Check out this headline:
GREAT SCOTT!
How long do we have?
The Intergovernmental Panel on Climate Change (IPCC), a UN body regarded as the world’s top authority on climate change, has warned Himalayan glaciers could “disappear altogether by 2035″ and experts say the effects of global warming are already being felt in the region.
That is a scary, scary headline followed by a terrifying story.
Some might say it is written to scare the reader. If the melting glaciers threaten that many people, and the glaciers are melting because I like to run my patio heater when cooking my steaks, or watch the Califonia wildfires on my gigantic plasma television with my five kids, then by gosh, I need to change my lifestyle to one more like Ed Begley, Jr.
Then again, it could simply be scare tactics based on nothing:
Rather than accept the findings of foreign scientists alone, Jairam Ramesh, India’s environment minister, appointed a panel of Indian scientists on Himalayan melting. “My concern is that this comes from western scientists … it is high time India makes an investment in understanding what is happening in the Himalayan ecosystem.”
The Indian panel, headed by V K Raina, looked at 150 years of data gathered by the Geological Survey of India from 25 Himalayan glaciers. It was the first comprehensive study of the region.

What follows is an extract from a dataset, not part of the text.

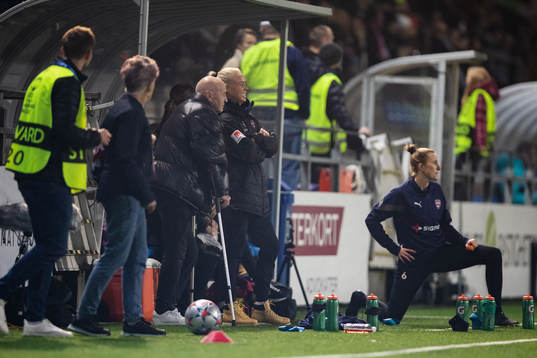 Caroline Seger of FC Rosengård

It concluded that while Himalayan glaciers had long been retreating, there was no recent acceleration of the trend, and nothing to suggest that the glaciers would disappear. In short, the IPCC had perpetrated an alarmist hoax without scientific foundation.

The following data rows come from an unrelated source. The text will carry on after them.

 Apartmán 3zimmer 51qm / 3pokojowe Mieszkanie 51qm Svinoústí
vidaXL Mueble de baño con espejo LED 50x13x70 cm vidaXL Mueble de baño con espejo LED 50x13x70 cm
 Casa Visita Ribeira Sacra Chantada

Surely not. There has to be more to this story.
The IPCC admitted that the prediction was based on a report written in a science journal and even the scientist who was the subject of the original story admits it was not based on fact.

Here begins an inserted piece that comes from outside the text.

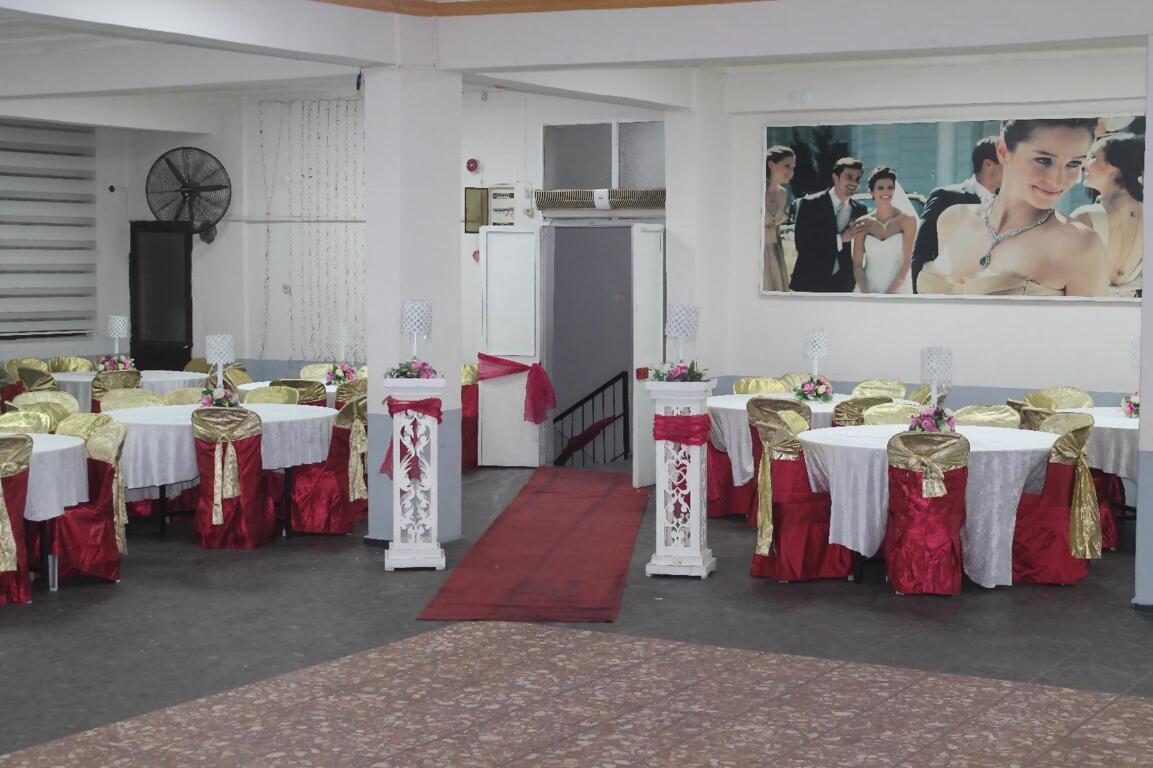 Çamlık Düğün Salonu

The article, in the New Scientist, was not even based on a research paper – it evolved from a short telephone interview with the academic.
Dr Syed Hasnain, an Indian scientist then based at Jawaharlal Nehru University in Delhi, said that the claim was “speculation” and was not supported by any formal research.
Once again, the “science” behind the global warming myth has been exposed to be not only erroreous, but in this case, “speculation” that is “not supported by any formal research.”
Perhaps someone needs to get these stories to the desk or e-mail inbox of Sen. Lindsey Graham, the RINO Senator from South Carolina who is ready to work with Democrats to pass the Cap and Trade bill.